22 Luglio 2020
Inail in ritardo, 260 lavoratori in attesa: chiesto all’Istituto il ripristino dell’operatività

Circa 260 lavoratori agricoli non riescono a farsi riconoscere la malattia professionale per mancanza della visita medica. L’allarme è lanciato da Coldiretti Macerata e dall’Epaca, il patronato dell’organizzazione degli agricoltori maceratesi: ci sono più di 150 domande in sospeso mentre oltre 110 pratiche sono le domande respinte proprio perché non è stato discusso il ricorso con il medico.

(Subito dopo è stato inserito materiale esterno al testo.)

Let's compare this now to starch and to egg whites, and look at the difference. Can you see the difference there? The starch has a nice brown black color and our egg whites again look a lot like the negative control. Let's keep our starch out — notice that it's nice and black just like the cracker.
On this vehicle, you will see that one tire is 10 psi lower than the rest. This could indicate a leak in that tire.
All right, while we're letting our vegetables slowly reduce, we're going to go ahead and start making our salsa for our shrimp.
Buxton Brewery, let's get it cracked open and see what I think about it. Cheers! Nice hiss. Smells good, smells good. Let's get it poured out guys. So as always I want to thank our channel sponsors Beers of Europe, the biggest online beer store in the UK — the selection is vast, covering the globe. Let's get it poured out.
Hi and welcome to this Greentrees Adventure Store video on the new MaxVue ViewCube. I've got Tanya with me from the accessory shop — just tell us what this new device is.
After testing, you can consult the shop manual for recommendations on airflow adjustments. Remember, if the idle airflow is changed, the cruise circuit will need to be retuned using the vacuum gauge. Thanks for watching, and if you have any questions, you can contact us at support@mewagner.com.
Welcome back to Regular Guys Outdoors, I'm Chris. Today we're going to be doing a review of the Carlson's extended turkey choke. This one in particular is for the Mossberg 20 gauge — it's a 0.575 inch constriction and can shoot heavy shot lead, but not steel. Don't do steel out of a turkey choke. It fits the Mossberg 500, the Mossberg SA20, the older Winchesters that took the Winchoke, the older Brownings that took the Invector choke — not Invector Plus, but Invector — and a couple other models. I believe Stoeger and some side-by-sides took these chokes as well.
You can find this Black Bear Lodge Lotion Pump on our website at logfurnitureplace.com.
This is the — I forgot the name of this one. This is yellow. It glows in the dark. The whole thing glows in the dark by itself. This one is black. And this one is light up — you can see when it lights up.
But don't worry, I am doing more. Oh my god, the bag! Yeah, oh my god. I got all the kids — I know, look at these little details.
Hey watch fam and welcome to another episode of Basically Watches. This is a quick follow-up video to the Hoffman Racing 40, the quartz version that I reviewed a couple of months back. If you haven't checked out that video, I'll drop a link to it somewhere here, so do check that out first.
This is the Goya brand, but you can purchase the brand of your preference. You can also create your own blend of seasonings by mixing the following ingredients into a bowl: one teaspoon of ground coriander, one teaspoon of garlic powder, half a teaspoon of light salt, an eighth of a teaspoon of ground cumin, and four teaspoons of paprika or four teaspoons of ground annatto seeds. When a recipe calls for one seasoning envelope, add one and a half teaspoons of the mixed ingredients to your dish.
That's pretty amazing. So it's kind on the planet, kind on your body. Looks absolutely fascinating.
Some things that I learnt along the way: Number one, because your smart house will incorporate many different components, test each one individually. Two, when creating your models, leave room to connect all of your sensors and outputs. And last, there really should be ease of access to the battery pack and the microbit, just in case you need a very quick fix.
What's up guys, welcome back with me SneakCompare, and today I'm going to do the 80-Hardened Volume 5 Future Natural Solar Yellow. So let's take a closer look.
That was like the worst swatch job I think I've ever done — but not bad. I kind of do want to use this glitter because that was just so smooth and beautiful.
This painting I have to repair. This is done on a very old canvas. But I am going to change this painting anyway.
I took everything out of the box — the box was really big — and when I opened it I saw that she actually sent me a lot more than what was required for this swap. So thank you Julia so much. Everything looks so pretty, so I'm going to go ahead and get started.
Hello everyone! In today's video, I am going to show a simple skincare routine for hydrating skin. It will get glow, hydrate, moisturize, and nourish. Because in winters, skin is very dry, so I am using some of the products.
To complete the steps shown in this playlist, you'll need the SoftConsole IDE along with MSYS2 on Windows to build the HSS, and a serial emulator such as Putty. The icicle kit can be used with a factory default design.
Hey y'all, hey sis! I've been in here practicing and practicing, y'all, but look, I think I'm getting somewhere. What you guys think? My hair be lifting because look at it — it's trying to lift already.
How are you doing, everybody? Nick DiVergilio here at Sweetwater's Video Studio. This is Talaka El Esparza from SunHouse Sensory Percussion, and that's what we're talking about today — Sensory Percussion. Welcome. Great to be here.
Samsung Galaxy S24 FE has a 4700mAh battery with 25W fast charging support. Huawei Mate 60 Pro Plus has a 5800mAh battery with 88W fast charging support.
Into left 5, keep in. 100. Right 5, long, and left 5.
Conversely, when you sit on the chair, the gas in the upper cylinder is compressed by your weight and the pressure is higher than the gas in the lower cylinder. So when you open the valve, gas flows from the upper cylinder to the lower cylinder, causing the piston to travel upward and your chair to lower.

Tutto a causa del Covid. Mentre l’agricoltura ha continuato nonostante tutto a lavorare (e con essa gli sportelli al pubblico di Coldiretti ed Epaca), non si può dire altrettanto degli sportelli Inail. “Pur rispettando i protocolli di sicurezza, non abbiamo mai chiuso i battenti – concludono da Epaca – per non abbandonare cittadini e lavoratori e continuare a rappresentarli nei confronti della pubblica amministrazione: è ora che l’ente riprenda a pieno la propria attività. Abbiamo inoltrato vari solleciti e siamo riusciti a strappare una promessa di riprendere la definizione dei ricorsi entro il mese di agosto”. Ce lo chiedono i tanti agricoltori e artigiani che sono ancora in attesa di conoscere l’esito della richiesta di riconoscimento della loro malattia professionale.